As egg after egg made the nearly 40-foot descent from the top of the building, no one knew which would survive. Stuffed animals, a foam archery turkey, a loaf of bread and a pillowcase were among the protectants selected by the students. Many of the egg contraptions had makeshift parachutes attached to slow the fall.


“This is a great activity,” said elementary principal Rob Cole. “Education is more than the PSSA test.”


Cole and the three sixth-grade teachers said the egg drop is one of several events the students would participate in prior to their graduation to the junior high school May 30.


“It (the egg drop) is something they look forward to all year,” said sixth-grade teacher Becky Mitchell. “Their big brothers and sisters have done it and they wanted to know when we were doing it.”


Many of the students cheered each other on and groaned when an egg hit too loudly, a sure sign it was cracked.
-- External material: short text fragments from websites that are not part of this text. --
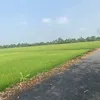bnvbl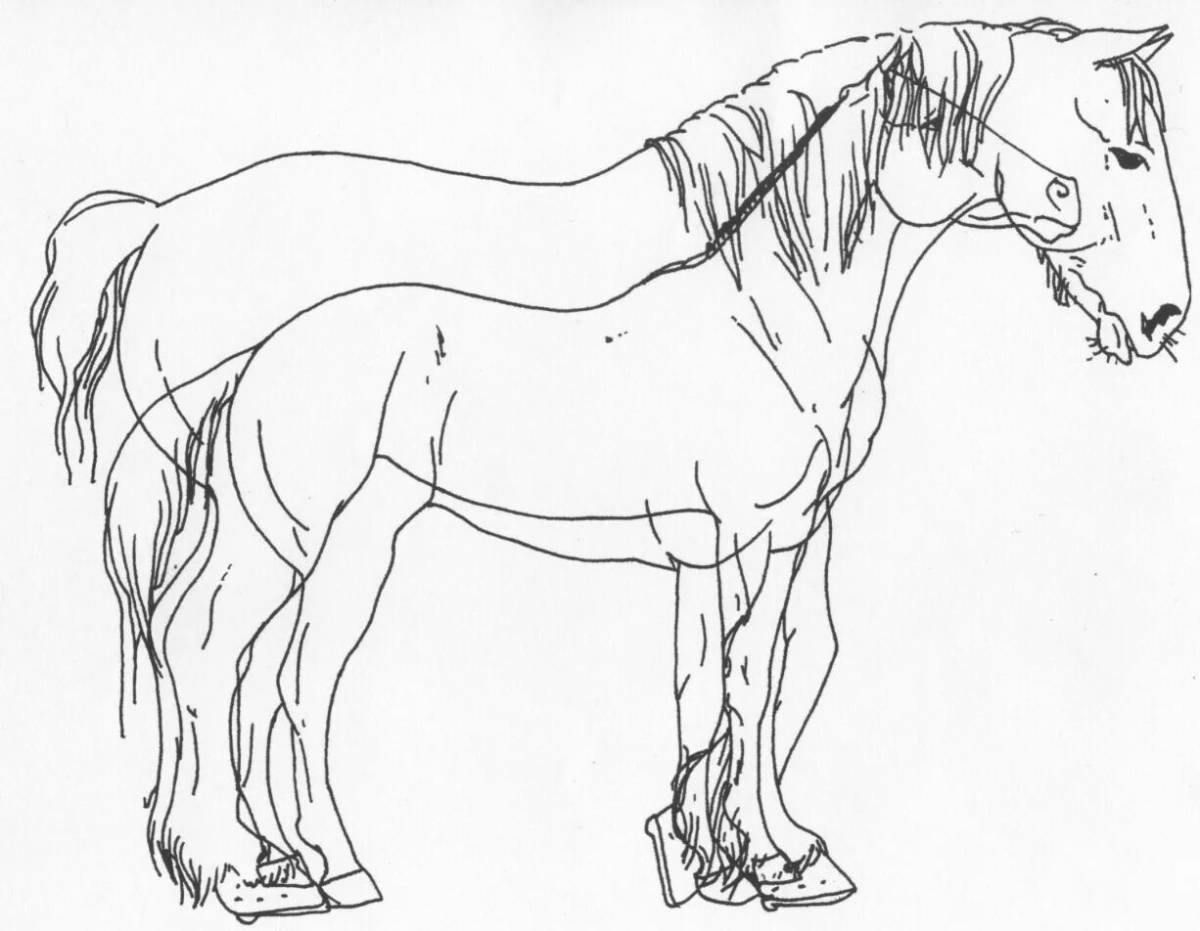 Playful coloring shire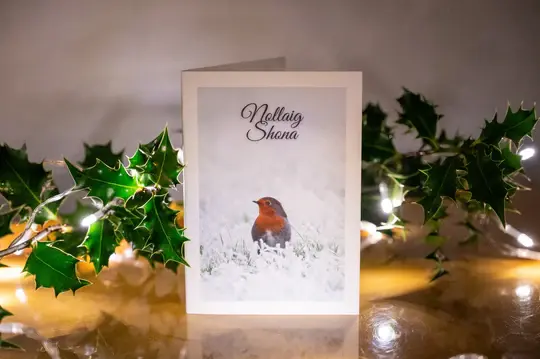 Siar Photography Christmas Card (Blank): Robin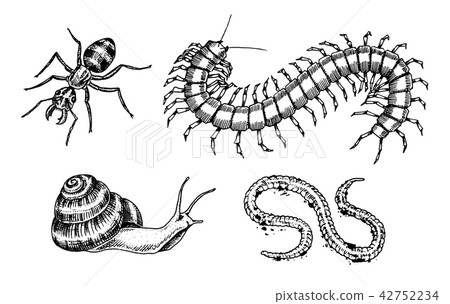 Big set of insects. Bugs Beetles Snail, Worm Centipede Ant Scolopendra Tattoo. Vintage Pets in house 42752234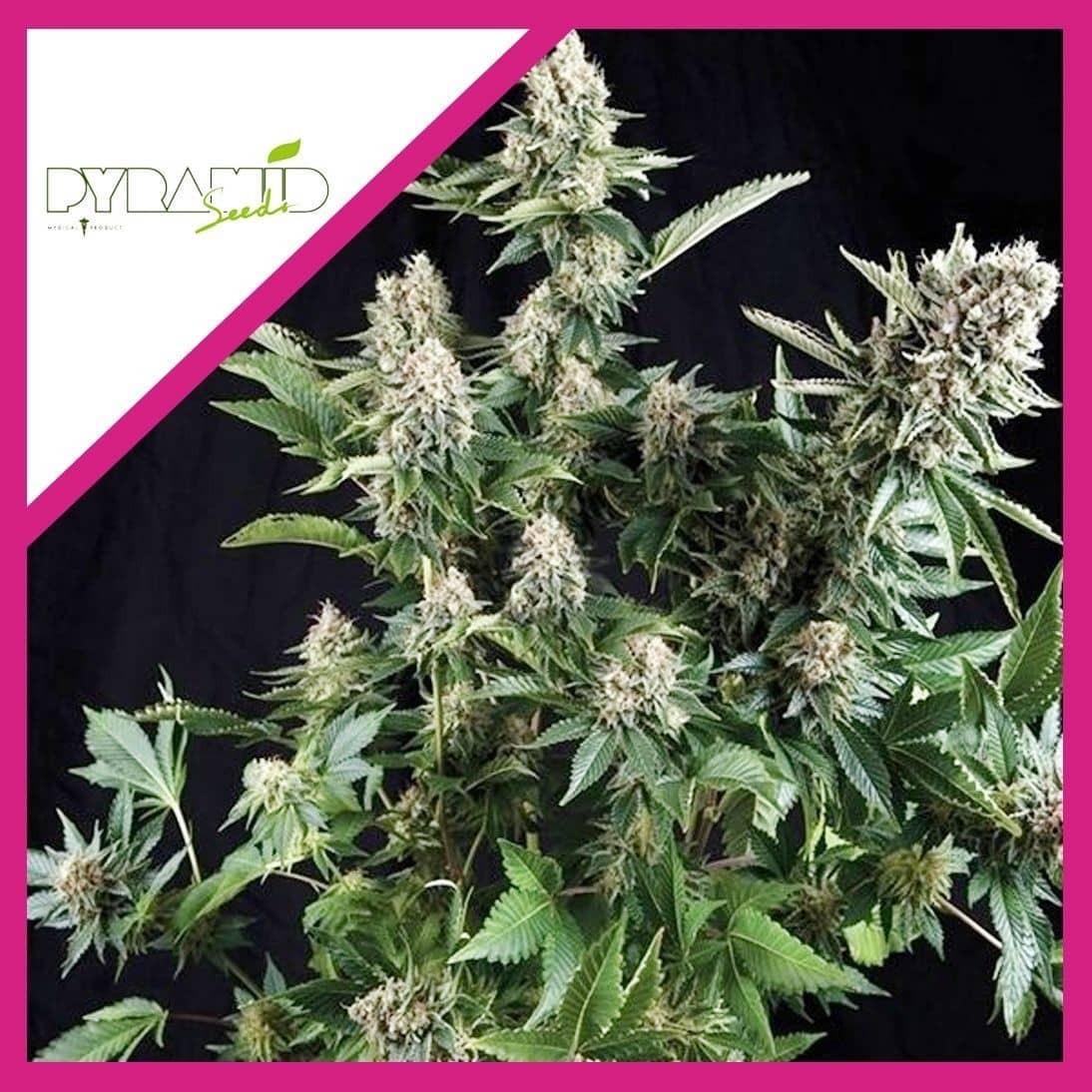 WHITE WIDOW FEM X3+1- PYRAMID SEEDS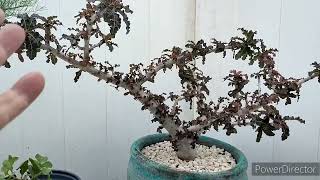 Frankincense amp Myrrh Trees Update Pt 1 [upl. by Qooraf365]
The egg inside a plastic jar of peanut butter seemed a goner when the jar hit and broke open. The peanut butter splattered across the pavement but the egg was safe and sound.


Mitchell and fellow sixth-grade teachers Margaret Stoff and Fred Morecraft stood with clipboards recording the eggs that made it and those that did not. The competition heated up as each tallied the numbers for their classroom. In the end, Morecraft’s class won with a 78 percent egg survival rate. Stoffa’s class came in second at 67 percent with Mitchell’s class was close behind with 64 percent for third.


“It was a pretty good day, really,” said May, who will retire June 30 after 27 years with the district. And it was hard to tell watching him send each egg down from the top of the building who was having more fun, May or the students below.